In an unusual step the new head of GCHQ, Robert Hannigan, has written an article accusing technology companies of aiding terrorism and failing to help with investigations. The article is entirely vague in its criticisms of the tech companies, giving little detail of what information GCHQ is failing to receive from the tech companies.
The article in the Financial Times states that “the largest US technology companies that dominate the web” were “in denial” about the roles they played in helping terror groups evade intelligence agencies. He went on to argue that these websites had become the “command and control networks of choice” for terrorists.
What is concerning is that there is no indication that the tech companies already assist law enforcement and intelligence agencies at all.
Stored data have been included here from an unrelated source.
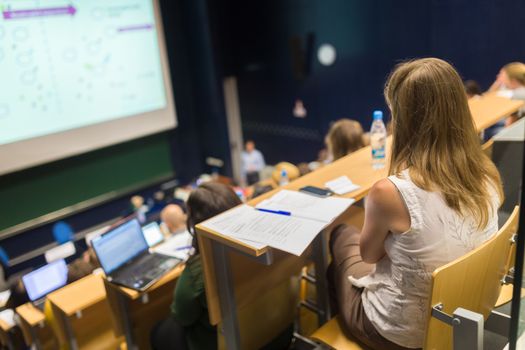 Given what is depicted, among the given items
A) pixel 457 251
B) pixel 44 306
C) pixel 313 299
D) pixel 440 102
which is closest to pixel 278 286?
pixel 313 299

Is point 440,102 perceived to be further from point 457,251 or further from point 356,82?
point 356,82

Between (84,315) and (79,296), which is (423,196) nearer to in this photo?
(79,296)

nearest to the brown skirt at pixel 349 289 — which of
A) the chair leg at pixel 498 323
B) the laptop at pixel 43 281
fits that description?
the chair leg at pixel 498 323

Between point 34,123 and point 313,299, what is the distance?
3.65m

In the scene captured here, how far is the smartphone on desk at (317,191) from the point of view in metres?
1.74

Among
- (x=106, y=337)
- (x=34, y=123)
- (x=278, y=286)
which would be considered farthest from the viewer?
(x=34, y=123)

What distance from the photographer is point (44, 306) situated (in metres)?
2.71

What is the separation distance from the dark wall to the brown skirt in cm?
327

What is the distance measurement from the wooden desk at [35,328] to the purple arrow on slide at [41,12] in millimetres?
2820

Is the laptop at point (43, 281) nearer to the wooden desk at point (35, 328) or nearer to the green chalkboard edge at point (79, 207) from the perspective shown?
the wooden desk at point (35, 328)

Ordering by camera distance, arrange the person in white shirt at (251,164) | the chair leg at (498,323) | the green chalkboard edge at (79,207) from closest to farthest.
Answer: the chair leg at (498,323), the green chalkboard edge at (79,207), the person in white shirt at (251,164)

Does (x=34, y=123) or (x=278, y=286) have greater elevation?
(x=34, y=123)

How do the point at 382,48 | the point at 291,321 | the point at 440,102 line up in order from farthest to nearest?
the point at 382,48
the point at 291,321
the point at 440,102

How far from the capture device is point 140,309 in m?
2.49
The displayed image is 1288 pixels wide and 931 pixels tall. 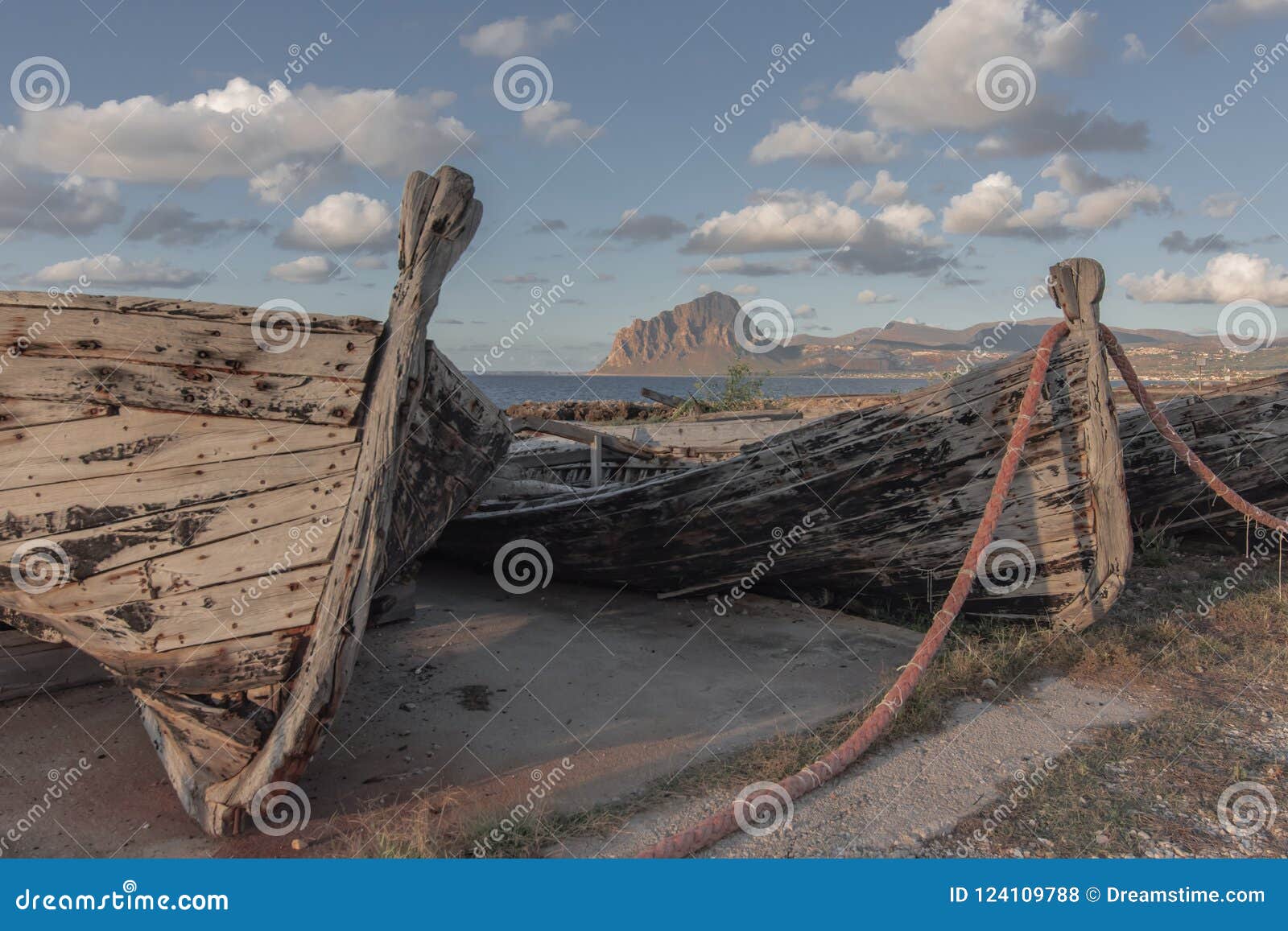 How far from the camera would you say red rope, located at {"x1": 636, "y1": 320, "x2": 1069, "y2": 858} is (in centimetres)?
293

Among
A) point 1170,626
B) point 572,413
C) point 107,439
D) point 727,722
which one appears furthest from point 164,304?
point 572,413

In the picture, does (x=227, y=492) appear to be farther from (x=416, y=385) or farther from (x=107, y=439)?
(x=416, y=385)

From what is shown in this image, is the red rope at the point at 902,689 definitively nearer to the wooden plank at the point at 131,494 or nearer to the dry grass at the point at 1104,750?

When in fact there are official treaties (the Mutual Legal Assistance Treaty) and voluntary schemes with individual companies. For instance, in August 2013 Facebook published its first transparency report. It showed that the UK requested data on 1,975 occasions, of these only 32% were rejected. As well as this in 2012 UK law enforcement bodies made the most requests for information from Skype, nearly double the amount made in Germany.
Clearly, if UK agencies want information about individuals that they believe pose a threat to national security there is a proper process to follow and if this process is followed the data will be released. What is more urgent is the need for greater Government transparency around the requests it makes. It should not be up US companies to publish data on how our law enforcement bodies use their powers.
One glimmer of hope however is that Hannigan appears to agree that there is a need for transparency, stating that “we (GCHQ) need to show how we are accountable for the data we use to protect people, just as the private sector is increasingly under pressure to show how it filters and sells its customers’ data.”
More information about the way in which surveillance powers are used is something that Big Brother Watch regularly called for. We have published a paper (PDF) on how the Government can release more information without damaging national security. Last week Big Brother Watch released a report, looking at the Police’s use of directed surveillance under RIPA. It showed the urgent need for greater transparency and accountability.
Without more information the debate around privacy and security will be limited to unhelpful interventions such as this one, which focus on the wrong targets and do nothing to properly inform the public.